En lo de Tlahuelilpan, quizá como siempre que faltan explicaciones, cada quién recurre a la fantasía que mejor le acomode para tranquilizarse y volver las cosas a su lugar. Cada fantasía tiene detrás suyo una problemática de fondo.
Fantasía del Estado. La más recurrente es la de que el gobierno federal pudo haber evitado la tragedia si hubiera habido voluntad. Más allá de los errores, que los hubo, se presume así que el gobierno es capaz, fuerte: capaz de controlar fugas y tomas clandestinas (así se cuenten en más de 12 mil las que el gobierno anterior nos heredó), independientemente de su presión; capaz del control institucional de Pemex para manejar permanentemente el flujo de información en tiempo real. Capaz, por otro lado, de controlar a quien delinque, así sea una masa de centenas o miles de personas (testimonios de Tlahuelilpan hablan de una fila de hasta 300 automóviles). Hubo quien sugirió que, en ese polvorín, los soldados debieron disparar al cielo; quienes sugirieron que un cuerpo equipado con balas de goma habría sido pertinente para disuadir (sin importar el número de los pobladores, las condiciones territoriales ni la posibilidad de que la fricción igual generase chispas, como se presume que sucedió con la ropa de los pobladores); otros hablaron de la obviedad de convocar granaderos y bomberos. ¡Claro!, cómo no se le ocurrió a alguien, si además de que los hay en todos los pueblos tienen recursos y protocolos para combatir episodios de fiebre huachicolera de cientos de personas. Lo cierto es que ni siquiera sabemos cuántas fugas o tomas que generen ese cambio de presión en los ductos ocurren cada día, que no puede controlarse el flujo de información, que en materia de fuerza y de protección civil las fuerzas del Estado son más bien un lujo urbano, etcétera. La gran capacidad estatal es un mito. Aceptarlo es punto de partida para reconstruirla. Por otro lado, no hay Estado que pueda contener a una sociedad que actúa en otra lógica.

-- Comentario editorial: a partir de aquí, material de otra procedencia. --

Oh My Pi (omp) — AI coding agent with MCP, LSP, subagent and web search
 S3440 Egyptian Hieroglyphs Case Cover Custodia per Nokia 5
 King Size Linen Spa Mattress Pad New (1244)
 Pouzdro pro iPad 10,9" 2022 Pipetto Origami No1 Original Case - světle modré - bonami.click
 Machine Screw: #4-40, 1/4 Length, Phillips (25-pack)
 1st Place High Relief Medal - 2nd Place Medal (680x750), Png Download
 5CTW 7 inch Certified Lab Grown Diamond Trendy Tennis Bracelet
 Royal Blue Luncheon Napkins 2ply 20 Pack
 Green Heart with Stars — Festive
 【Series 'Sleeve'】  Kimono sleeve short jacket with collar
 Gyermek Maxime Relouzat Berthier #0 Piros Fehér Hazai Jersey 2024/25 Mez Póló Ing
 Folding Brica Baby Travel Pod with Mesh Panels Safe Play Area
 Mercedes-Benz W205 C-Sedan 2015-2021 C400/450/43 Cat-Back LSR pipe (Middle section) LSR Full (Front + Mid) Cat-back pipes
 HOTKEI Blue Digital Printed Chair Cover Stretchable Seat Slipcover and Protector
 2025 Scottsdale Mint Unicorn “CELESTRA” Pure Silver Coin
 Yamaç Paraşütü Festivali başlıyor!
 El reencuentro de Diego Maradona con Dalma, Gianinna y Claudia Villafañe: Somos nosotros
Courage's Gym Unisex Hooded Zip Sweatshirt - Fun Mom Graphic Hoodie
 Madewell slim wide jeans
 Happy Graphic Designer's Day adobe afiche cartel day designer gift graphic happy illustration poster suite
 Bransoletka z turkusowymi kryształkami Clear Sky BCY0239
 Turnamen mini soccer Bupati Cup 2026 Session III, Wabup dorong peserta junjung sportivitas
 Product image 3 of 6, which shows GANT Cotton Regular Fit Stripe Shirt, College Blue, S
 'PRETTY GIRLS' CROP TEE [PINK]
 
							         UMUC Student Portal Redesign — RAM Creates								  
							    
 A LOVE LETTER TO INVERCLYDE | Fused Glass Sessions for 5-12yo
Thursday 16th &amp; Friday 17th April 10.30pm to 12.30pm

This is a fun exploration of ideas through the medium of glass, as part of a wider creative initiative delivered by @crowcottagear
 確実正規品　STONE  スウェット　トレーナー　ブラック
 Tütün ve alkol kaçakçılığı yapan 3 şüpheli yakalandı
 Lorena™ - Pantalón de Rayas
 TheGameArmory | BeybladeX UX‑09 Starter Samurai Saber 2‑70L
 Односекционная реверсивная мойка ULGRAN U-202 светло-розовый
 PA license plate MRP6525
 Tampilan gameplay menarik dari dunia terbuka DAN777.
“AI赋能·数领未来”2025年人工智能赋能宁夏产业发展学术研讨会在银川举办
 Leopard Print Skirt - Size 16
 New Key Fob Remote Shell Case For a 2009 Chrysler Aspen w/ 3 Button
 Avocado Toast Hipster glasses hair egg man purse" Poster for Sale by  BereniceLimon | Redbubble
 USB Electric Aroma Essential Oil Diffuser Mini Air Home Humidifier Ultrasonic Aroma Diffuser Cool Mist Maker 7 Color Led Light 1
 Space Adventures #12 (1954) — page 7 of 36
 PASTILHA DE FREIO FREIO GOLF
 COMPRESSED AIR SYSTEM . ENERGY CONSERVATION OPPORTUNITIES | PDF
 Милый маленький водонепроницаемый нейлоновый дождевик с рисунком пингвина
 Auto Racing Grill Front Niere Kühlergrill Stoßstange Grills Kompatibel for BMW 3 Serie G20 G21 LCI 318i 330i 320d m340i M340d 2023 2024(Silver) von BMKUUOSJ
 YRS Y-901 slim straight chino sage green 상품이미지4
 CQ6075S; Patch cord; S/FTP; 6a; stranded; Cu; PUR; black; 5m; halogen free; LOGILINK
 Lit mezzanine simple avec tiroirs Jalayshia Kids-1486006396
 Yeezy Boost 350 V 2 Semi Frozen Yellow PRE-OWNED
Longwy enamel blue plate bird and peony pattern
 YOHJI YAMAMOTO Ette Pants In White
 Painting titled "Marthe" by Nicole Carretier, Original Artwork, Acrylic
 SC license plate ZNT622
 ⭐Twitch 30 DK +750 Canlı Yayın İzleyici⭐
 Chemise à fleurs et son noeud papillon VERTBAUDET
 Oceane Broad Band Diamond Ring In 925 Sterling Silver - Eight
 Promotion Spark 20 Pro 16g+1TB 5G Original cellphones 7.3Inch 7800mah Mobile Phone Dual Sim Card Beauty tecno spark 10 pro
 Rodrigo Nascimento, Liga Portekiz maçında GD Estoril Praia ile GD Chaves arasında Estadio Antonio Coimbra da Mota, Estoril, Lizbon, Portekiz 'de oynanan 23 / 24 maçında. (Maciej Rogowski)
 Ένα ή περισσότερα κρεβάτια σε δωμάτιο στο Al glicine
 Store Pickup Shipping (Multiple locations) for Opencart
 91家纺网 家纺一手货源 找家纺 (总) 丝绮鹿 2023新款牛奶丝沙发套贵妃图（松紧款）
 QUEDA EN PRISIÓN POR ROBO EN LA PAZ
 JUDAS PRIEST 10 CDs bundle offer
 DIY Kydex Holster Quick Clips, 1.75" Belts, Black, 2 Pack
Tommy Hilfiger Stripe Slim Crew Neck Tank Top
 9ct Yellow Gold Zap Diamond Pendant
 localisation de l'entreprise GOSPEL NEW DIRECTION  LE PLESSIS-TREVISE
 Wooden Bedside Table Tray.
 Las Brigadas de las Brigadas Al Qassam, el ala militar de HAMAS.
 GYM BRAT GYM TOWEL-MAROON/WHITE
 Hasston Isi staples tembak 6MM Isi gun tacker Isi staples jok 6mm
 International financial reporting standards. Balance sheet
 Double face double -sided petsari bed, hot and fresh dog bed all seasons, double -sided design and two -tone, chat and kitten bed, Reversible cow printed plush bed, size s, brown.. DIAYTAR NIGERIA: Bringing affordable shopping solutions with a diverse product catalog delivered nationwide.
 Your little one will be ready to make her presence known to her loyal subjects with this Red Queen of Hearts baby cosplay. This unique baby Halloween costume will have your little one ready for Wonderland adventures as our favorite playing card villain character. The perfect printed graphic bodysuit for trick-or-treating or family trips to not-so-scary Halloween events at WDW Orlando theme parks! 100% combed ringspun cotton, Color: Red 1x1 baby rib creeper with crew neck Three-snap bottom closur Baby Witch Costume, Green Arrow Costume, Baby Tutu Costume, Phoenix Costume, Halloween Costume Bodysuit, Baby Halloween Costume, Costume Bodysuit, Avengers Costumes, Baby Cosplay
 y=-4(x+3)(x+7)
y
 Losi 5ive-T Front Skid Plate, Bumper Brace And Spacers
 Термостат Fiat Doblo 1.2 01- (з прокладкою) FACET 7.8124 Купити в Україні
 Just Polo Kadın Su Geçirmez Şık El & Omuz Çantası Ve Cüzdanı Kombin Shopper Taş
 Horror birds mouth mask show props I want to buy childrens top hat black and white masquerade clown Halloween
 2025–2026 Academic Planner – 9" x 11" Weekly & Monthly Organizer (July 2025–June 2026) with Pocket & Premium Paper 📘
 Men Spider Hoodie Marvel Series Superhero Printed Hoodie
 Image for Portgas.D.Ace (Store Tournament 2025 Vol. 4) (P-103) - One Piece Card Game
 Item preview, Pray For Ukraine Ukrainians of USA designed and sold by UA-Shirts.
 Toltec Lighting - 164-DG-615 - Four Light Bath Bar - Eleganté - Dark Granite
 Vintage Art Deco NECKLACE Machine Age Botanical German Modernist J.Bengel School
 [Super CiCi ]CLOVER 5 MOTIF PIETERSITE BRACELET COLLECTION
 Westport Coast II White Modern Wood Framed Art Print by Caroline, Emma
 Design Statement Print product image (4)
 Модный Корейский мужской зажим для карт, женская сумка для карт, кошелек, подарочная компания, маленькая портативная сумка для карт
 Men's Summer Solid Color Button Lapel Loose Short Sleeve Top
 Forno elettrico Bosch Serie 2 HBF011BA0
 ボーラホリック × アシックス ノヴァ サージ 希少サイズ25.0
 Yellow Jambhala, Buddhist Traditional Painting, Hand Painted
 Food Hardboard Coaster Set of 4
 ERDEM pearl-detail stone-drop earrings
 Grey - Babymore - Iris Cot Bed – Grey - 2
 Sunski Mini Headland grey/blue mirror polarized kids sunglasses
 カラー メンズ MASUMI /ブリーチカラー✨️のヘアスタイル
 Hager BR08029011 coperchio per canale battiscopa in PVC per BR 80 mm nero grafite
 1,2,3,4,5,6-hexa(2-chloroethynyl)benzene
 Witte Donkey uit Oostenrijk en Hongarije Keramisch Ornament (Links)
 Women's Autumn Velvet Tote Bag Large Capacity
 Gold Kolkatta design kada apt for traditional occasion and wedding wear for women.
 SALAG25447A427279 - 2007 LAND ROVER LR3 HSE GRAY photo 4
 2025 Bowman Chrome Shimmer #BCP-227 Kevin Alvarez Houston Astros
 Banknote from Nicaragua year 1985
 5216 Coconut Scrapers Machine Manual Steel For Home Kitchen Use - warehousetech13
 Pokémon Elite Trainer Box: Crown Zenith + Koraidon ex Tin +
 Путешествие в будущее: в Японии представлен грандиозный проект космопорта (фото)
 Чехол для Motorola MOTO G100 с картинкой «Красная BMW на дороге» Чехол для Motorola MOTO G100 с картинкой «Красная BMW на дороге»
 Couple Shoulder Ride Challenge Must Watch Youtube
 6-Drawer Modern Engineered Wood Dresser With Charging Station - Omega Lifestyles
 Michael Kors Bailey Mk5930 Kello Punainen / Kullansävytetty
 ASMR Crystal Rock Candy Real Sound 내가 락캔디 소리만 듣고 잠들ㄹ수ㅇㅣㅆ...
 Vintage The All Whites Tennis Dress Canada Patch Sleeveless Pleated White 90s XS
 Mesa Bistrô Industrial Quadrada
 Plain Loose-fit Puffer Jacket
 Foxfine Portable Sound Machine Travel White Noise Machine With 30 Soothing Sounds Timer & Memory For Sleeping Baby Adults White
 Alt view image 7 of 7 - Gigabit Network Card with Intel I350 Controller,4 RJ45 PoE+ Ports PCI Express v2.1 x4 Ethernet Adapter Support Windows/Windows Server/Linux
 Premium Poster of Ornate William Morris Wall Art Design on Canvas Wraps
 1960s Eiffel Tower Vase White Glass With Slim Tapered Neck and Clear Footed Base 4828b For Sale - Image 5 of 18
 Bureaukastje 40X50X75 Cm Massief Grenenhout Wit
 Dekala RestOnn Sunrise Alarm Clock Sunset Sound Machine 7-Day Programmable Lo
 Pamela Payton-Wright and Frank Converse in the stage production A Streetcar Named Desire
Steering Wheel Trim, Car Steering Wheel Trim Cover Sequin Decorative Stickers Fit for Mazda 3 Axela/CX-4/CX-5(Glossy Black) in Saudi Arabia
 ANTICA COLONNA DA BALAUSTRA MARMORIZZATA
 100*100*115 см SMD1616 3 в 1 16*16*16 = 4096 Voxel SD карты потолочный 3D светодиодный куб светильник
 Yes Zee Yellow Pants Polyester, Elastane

Fantasía del derecho como frontera. En segundo lugar, se presume que hay una frontera entre lo bueno y lo malo, entre lo lícito y lo criminal, sin medias tintas. Como si fuera igual de criminal la gente que consume huachicol por ser más barato, que los profesionales de la perforación de ductos, lo que sería como decir que es igual la gente que compra ropa pirata que los grandes contrabandistas que, de hecho, a veces cuelan mercancías al mercado legal, pero eso es otro tema. O no. Veámoslo detenidamente. La actividad lícita de mayor dimensión en Tlahuelilpan es la agricultura. Para transportar, digamos, alfalfa, se dependía del combustible robado y su precio —lo muestra este domingo la revista R, en un magnífico trabajo que da voz a los sobrevivientes de la tragedia; R, por desagracia, desapareció del panorama del periodismo mexicano, como antes desapareció emeequis, y nos quedamos con menos espacios valiosos. Una vez que se cortó el flujo, la cosa cambió radicalmente, el transporte del forraje se encareció por falta de huachicol, y probablemente incrementaron también los costos para los intermediarios y los consumidores finales. Todos estos eslabones fueron beneficiarios y financiadores del mercado del huachicol, aunque tuvieran factura de su compra. ¿Dónde trazamos la línea?